That example would provide a real-world context for why it is important to learn vocabulary very well. You have developed a cogent and logical argument to support your point using an example.

Scenario #2: Teaching through stories

Imagine dipping into your own past, experience and heritage to create a story that illustrates the same point. When teaching native Spanish speakers English, I would tell them about my own struggles with language learning.

Setting the stage and the context

“I was so proud to have a native Spanish speaker visit my home,” I would tell them. “We had agreed to do a language exchange and help each other with our conversation skills.”

Providing key detail

“I prepared coffee and baked home-made oatmeal cookies, my mother’s recipe.”

Deliver the punch line

“I asked my new friend, “¿Desea guisano con su café?

The quick thinkers erupt in laughter. Others will puzzle over the meaning until it clicks that what I meant, instead of “guisano”, was “galleta”.
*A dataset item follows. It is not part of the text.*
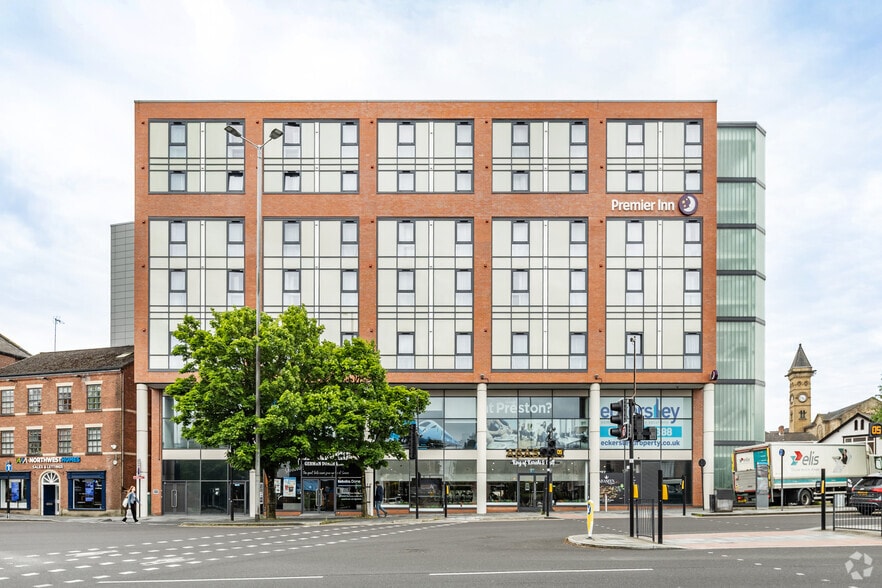 Fox St, Preston for lease - Primary Photo - Image 2 of 8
As a learner of Spanish as a second language, I spent years confusing those two words. The result was that instead of offering my guest a cookie (galleta), I had offered them an earthworm (guisano).

To a native speaker, the result is either a turned stomach or comedic effect, or a bit of both.

The moral of the story

I would follow the story by saying this to the students: “My point to you is that it is easy to confuse words in a new language. In fact, it is normal. But be aware that these kinds of mistakes can result in people laughing at you or, possibly even taking you as an imbecile. In my case, I was lucky. My friend, who was both quick witted and gracious simply said, ‘Por favor, una galleta. No me gustan los guisanos‘.” (Translation: “A cookie, please. I don’t really care for earthworms.”)
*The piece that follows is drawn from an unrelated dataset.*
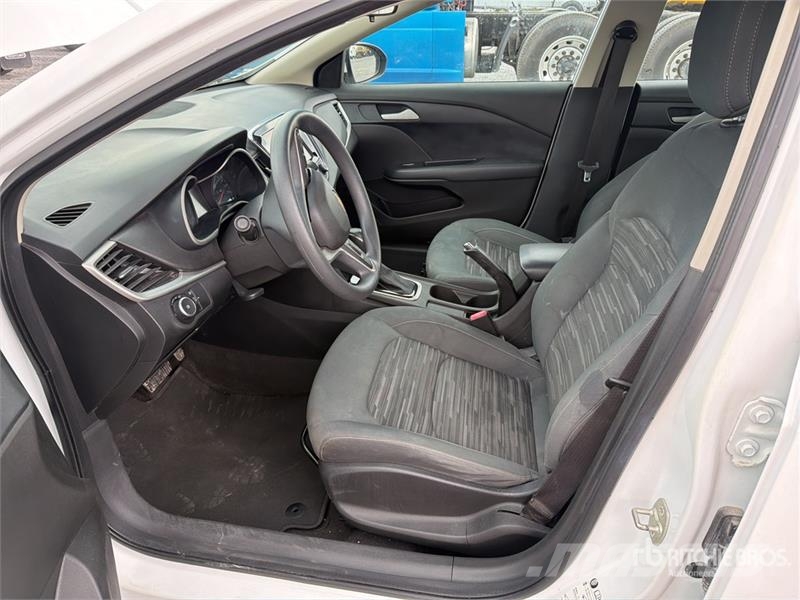 Chevrolet Cavalier Automovil / Automobile Automobili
From a linguistic point of view, the two scenarios are similar. The language learner mistakenly uses one word for another. The two words sound similar to the ear of a non-native speaker. But to a native speaker, the difference in meaning between the two words is worlds apart. It would never even occur to them to mix those words up.

Examples provide logical reasons, whereas stories create memorable moments that connect with human experience and emotion.

I admit that this type of story worked only because I was working with Spanish speakers learning  English. It would not work with a linguistically diverse group.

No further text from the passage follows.